Chairman Colleen Duffy Kiko, who heads up the Federal Labor Relations Authority, recently decertified the employee union at FLRA. She reasoned that by having a union at FLRA, the agency was actually violating the labor relations statute it was created to enforce; because employees at FLRA work with federal labor relations law they should be excluded from being in a union, per the language of the statute. How about that? Our friends over at FedSmith have written about this in detail, if you’re interested in the nitty gritty.


The federal government’s central HR office, while itself partially impacted by the furlough, has offered some guidance on this (ridiculous) shutdown, including topics such as what happens to leave accrual for furloughed employees (spoiler alert: it stops) and how healthcare and retirement benefits are impacted.

Late in December, you may have seen that OPM posted template letters for federal employees impacted by the shutdown – letters that requested landlords allow tenants to barter services such as painting and landscaping in exchange for reduced rent. As you can imagine, it did not go over well, and OPM quickly withdrew the letters, stating that they were posted by mistake.


The U.S. Office of Special Counsel (not to be confused with Special Counsel Robert Mueller’s team) is closed during the shutdown. Its website has still been accepting online complaints but a disclaimer states that the complaints likely won’t be reviewed until after OSC reopens. So, whistleblowers can file but they won’t see an investigation until this all ends.


The federal unions, including NTEU, NATCA, and AFGE, are keeping busy with a lot to challenge, most specifically the fact that nearly half a million federal employees have been required to work without pay for almost a month. I saw an argument in a district court filing that said the requirement to work without pay was akin to involuntary servitude, which is a violation of the Thirteenth Amendment’s prohibition against slavery.
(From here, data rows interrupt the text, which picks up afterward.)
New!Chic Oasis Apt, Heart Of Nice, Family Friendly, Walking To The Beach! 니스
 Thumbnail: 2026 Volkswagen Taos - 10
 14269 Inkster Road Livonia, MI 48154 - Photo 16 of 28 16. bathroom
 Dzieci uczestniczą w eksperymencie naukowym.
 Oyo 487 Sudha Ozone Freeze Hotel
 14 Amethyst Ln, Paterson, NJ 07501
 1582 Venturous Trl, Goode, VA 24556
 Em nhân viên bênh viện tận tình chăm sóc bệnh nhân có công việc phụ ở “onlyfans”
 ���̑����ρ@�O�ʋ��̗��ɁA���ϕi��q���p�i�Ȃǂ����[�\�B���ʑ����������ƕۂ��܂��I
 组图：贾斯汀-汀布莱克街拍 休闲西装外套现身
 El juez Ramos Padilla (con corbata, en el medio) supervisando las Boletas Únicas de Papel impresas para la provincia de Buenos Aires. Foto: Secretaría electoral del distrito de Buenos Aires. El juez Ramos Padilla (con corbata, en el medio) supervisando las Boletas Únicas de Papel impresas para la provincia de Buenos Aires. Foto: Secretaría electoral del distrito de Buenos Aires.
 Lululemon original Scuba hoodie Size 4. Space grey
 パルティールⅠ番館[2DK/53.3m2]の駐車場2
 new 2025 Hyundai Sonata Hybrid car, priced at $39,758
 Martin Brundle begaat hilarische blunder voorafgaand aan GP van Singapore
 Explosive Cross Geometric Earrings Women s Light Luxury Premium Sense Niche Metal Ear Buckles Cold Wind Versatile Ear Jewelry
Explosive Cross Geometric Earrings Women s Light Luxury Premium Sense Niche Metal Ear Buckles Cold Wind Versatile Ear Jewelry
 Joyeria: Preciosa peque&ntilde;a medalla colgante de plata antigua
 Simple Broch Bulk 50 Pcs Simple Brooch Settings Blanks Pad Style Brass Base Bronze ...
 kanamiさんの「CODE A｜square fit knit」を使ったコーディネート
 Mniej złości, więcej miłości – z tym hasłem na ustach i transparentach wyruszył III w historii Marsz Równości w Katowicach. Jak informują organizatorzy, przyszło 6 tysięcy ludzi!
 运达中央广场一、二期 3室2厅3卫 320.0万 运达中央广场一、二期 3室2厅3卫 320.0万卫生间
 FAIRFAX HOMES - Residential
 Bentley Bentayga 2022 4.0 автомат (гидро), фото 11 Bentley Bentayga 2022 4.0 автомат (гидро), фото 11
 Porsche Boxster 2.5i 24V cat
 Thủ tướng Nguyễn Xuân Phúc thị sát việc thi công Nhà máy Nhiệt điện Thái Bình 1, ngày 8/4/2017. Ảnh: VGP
NTEU is also challenging the recalls to work that were more recently issued to more than 40,000 IRS employees who were not considered essential in December but are being required to work without pay now.

So, there you have it. People usually start a new year with excitement and hope, but this one is sure giving us all some challenges.

At FELTG, we are doing our best to stay positive and stay available to answer your questions, provide you with content, and even do some training while we wait for the world to right itself again.